Savings Targets by Age: How much should you save by age 30, 40, 50, or 60 in Singapore - Her Wealth Journal (2024)

How much you should have in savings is a common question asked among many Singaporeans.

“How much should I have by 30, 40, 50, or 60 years old?”

What Constitutes for “Savings”?

The “saving” guidelines that we are using in this blog post include your entire net worth.

This includes your investments in stocks or through Robo-advisors, CPF, and even your HDB value.

If you’re interested to read more about how to calculate your net worth, you can check out this link here.
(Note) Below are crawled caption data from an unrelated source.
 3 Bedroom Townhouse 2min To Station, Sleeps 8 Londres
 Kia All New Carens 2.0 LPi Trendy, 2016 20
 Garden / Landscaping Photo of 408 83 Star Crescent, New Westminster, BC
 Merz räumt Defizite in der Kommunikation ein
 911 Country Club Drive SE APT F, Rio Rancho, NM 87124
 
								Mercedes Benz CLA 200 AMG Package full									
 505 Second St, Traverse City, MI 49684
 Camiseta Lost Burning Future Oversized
How much you should save at 30, 40, 50 or 60

To come up with savings each of us should have by 30, 40, 50, or 60 years old, let’s work backward…

One should have at least 25 times your annual expenses at retirement. You can adjust this amount accordingly, depending on the age you want to retire. Those who want to retire earlier at 45, 50, or 55 will have to compensate for additional years without income.
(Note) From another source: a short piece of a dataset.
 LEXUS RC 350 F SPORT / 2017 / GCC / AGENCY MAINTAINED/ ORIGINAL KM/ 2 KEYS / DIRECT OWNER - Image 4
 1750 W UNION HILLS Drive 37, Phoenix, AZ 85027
For this example, let us use the statutory retirement age of 65, the minimum age to start claiming CPF Life payouts. This means that we should have 25 times our annual expenses at 65 years old.
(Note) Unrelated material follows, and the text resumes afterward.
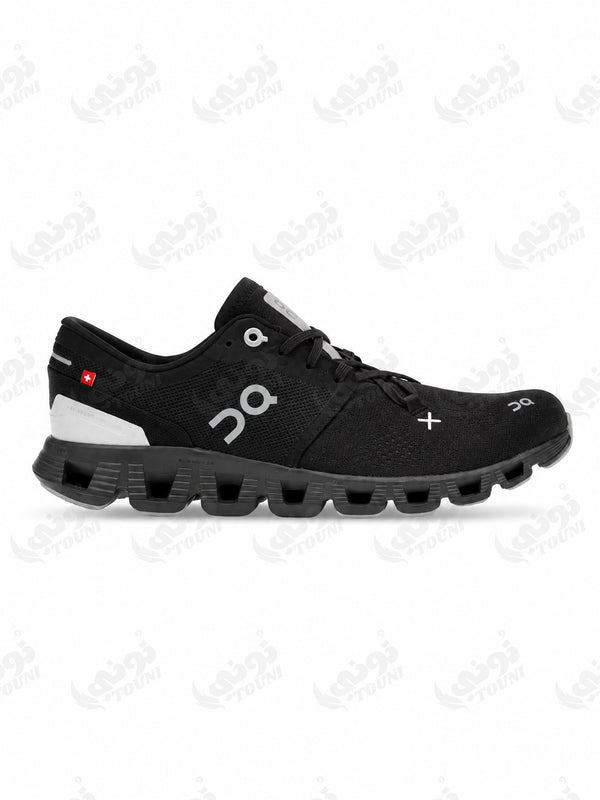 On Running - Cloud X 3 Noir - vue de face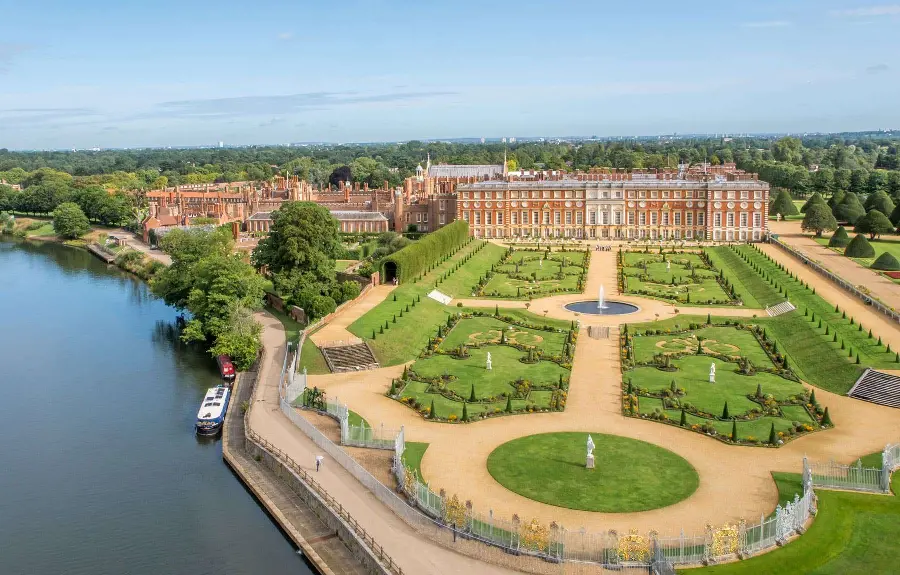 Photos of Hampton Court Palace - A Historic Landmark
  • By age 30: 3 times your annual expenses.If you spend $20,000 per year, you should have $60,000 by your 30th birthday.
  • By age 40: 8 times your annual expenses.
  • By age 50: 15 times your annual expenses.
  • By age 60: 20 times your annual expenses.
  • By age 65: 25 times your annual expenses.

Recommended Savings by age 30, 40, 50 and 60

First of all, everyone should aim to save at least an emergency fund. An emergency fund is important at any age. This should be 3-6 months of your annual expenses in highly liquid cash equivalents.

Once we have our emergency fund set aside, we can focus on saving and investing.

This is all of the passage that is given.